Thursday, January 10, 2013

What We Praise When We Praise a Child's Singing

Consider the following two videos:

These two videos have both gone around the web a lot over the past few years. Both seem to be viewed mostly positively. Both performances seem well practiced and rehearsed; but they show radically different sides of children's singing.

In the first case, we have an 11-year-old girl wailing away in what seems to be an exact facsimile of some adult singer's rendition of the song. We get growls and big sounds, belted high notes, and we are amazed that she is only eleven! What might time bring? But all is not well: many trained singers will tell you that the way this very talented girl mimics adult sounds is not particularly healthy. Moreover, if she sounds so "adult" now, which we praise, how will she sound when she's 30? Will she sound 75? Will she sound the same? Is either choice likely to be satisfying?

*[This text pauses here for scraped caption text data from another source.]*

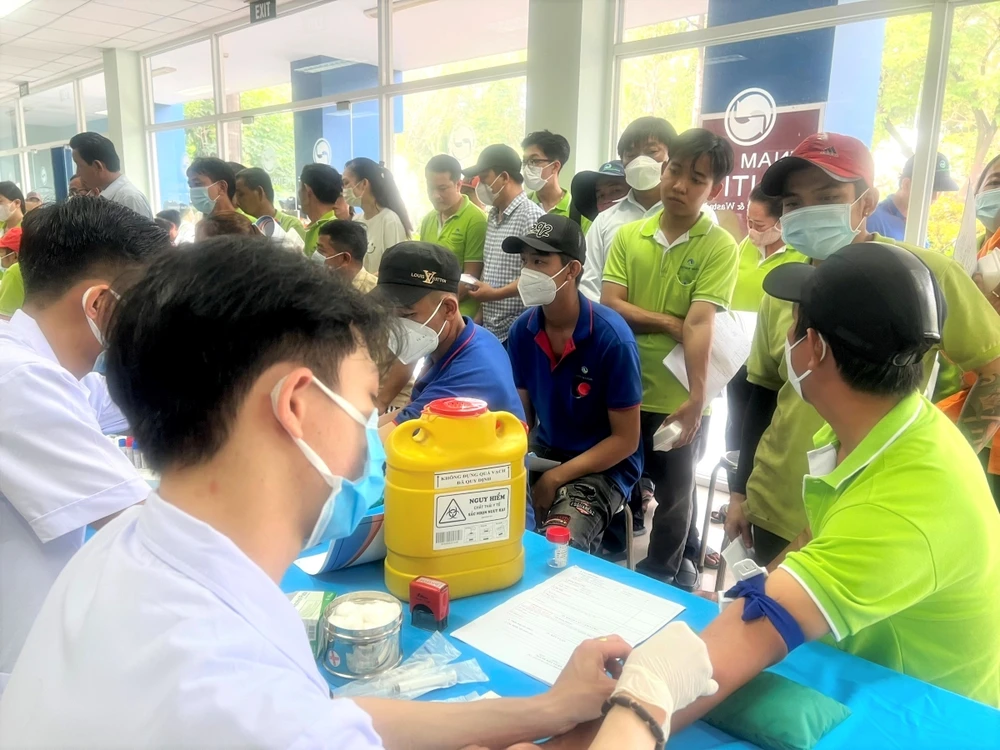 Lấy máu xét nghiệm cho người lao động. suc-khoe-VWS-2.jpg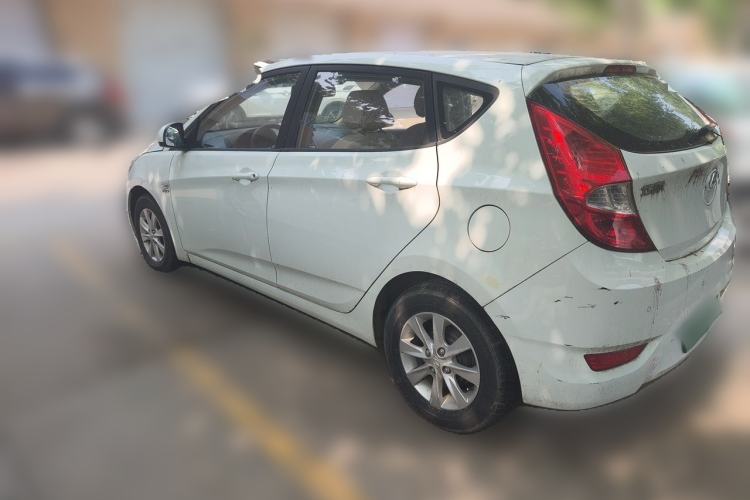 Used Hyundai Verna (older generation) 2011 Hatchback 1.4L Automatic Comfort Model GS Rear Left 45 Deg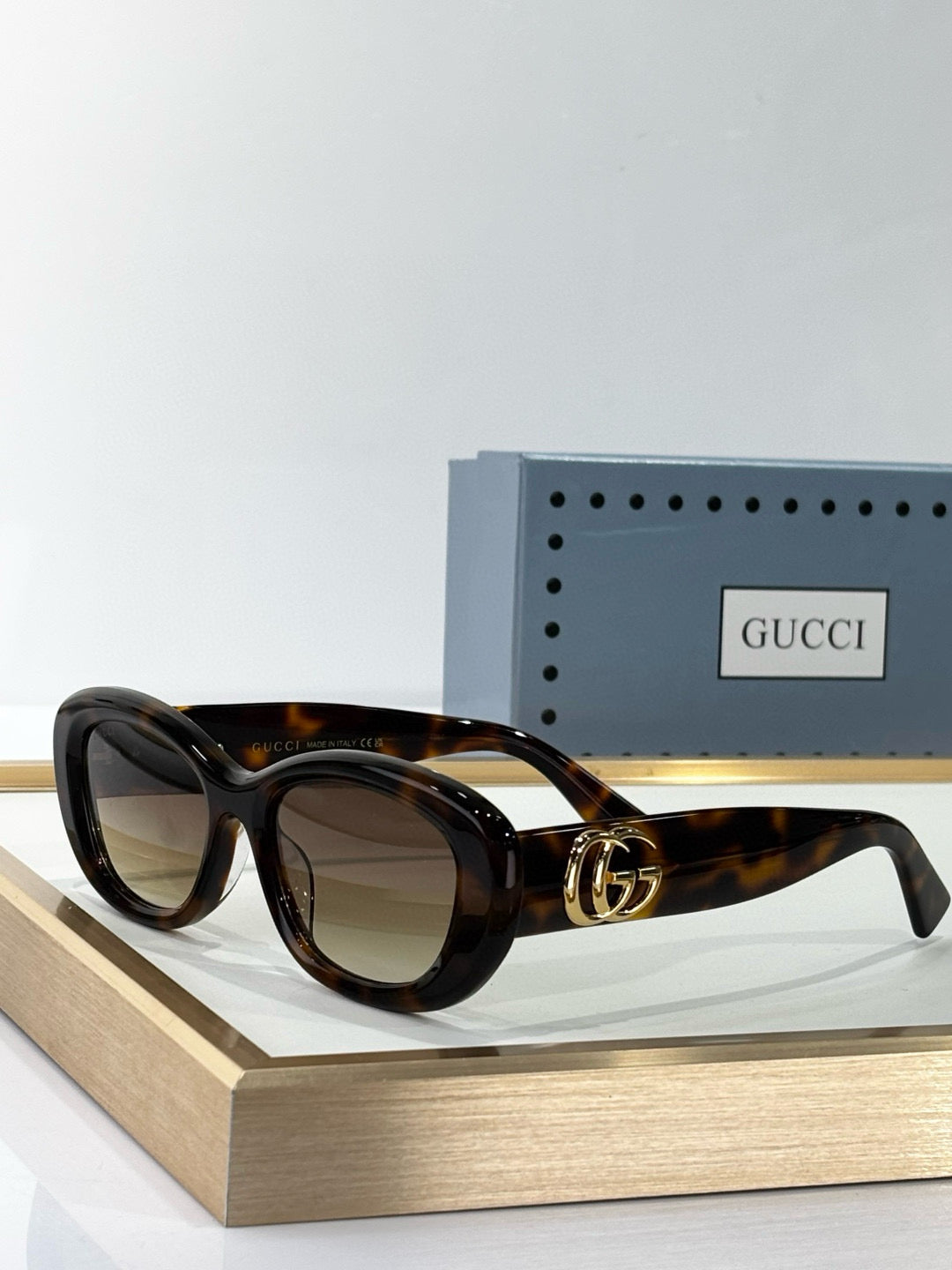 GG SUNGLASSES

On the other hand, we have a 14-year-old boy accurately sing through a coloratura opera aria, and he sounds exactly like a 14-year-old boy soprano. The piece is rangy and difficult, with runs and staccato notes and some chromatic harmony, and YouTube commenters mostly show amazement at his skill. How will he sound when he's 30? Nothing like he sounds now, for certain, but we can guess he'll still sing in tune, in tempo, and with energy, which should serve him well in any style he chooses to sing.

These two videos catch us applauding child performers for totally different reasons, and this difference tells us a good bit about how singing is often perceived and interpreted today.

We applaud Bianca's precocious vocal talent, but what exactly impresses us? We're not applauding any openness of communication beyond her years, or a genuinely moving performance, but the fact that her singing sounds unnaturally grown up. She's an amazing mimic, and she clearly has the pipes and musicianship to mimic convincingly, but this becomes the focus at the expense of actual music. Later in that same season she takes on "Piece of My Heart" by Janis Joplin. It sounds, again, impressively like the original, but it's unsettling to watch this 11-year-old girl sing of "how a woman can be tough".

To be fair, Robin Schlotz taking on Mozart's Queen of the Night in her big vengeance aria could also be thought inappropriate; the big difference lies in how we interpret his sound. We get no delight from how much he sounds like a real operatic soprano, but because he's able to maintain good principles of singing--accurate rhythm and pitch, a healthy sound, good phrasing--through a technically difficult piece. When we applaud, we applaud skill alone. Now Bianca also has musical skill--but if she sang merely accurately, the applause would not have been so rapturous.

Another way you could phrase this: Robin's voice cannot convincingly mimic the sound of a commodity, while Bianca's can. In other words, Bianca not only sounds like an adult, she sounds like a recordable and marketable adult. Robin sounds like a boy, so no amount of talent can make him ready for the adult marketplace. 

You can see in this situation how much decades of listening to a so-called music "industry" affects how people interpret singing. The singing called "good" is the singing most like already-produced recent commercial and pop music. If Disney Channel graduate Nick Jonas doesn't have the technique to sing Les Miserables, people still defend his singing because they can recognize the sound of his pop albums in his attempted Broadway belt. Good singing is singing that sounds like a commercial record we already have. And more and more, technology can pick up the slack for singers with uneven, weak, or even out-of-tune voices. In other words, it can help bad singers sound like preexisting pop music. It can make the bad singers into good singers. 

This is unhealthy for the singing field in general. Bianca Ryan's very real talent requires discussion of the mechanics of her success, including the unhealthy components, to be truly perceived. Robin's talent can only be perceived through such discussion. Without reference to some kind of principles of singing, principles independent of the commercial music world, the public's ability to evaluate and thus appreciate talented singers will continue to erode.